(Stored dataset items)
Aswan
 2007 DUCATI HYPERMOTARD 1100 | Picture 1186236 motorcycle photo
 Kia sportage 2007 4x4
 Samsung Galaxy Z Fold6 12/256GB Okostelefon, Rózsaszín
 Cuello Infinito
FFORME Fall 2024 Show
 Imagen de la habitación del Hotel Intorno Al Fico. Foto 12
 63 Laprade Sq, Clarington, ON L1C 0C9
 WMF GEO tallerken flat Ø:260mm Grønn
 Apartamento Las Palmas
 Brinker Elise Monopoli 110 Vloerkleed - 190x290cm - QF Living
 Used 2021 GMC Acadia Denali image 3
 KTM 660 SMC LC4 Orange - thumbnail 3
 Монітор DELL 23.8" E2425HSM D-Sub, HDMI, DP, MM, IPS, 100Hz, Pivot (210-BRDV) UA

▶ _Assigned task_:
Beginning with the line that holds "FFORME Fall 2024 Show", restate word for word every line down to the end of the data, and only those lines.

▶ _Reply to the exercise_:
FFORME Fall 2024 Show
 Imagen de la habitación del Hotel Intorno Al Fico. Foto 12
 63 Laprade Sq, Clarington, ON L1C 0C9
 WMF GEO tallerken flat Ø:260mm Grønn
 Apartamento Las Palmas
 Brinker Elise Monopoli 110 Vloerkleed - 190x290cm - QF Living
 Used 2021 GMC Acadia Denali image 3
 KTM 660 SMC LC4 Orange - thumbnail 3
 Монітор DELL 23.8" E2425HSM D-Sub, HDMI, DP, MM, IPS, 100Hz, Pivot (210-BRDV) UA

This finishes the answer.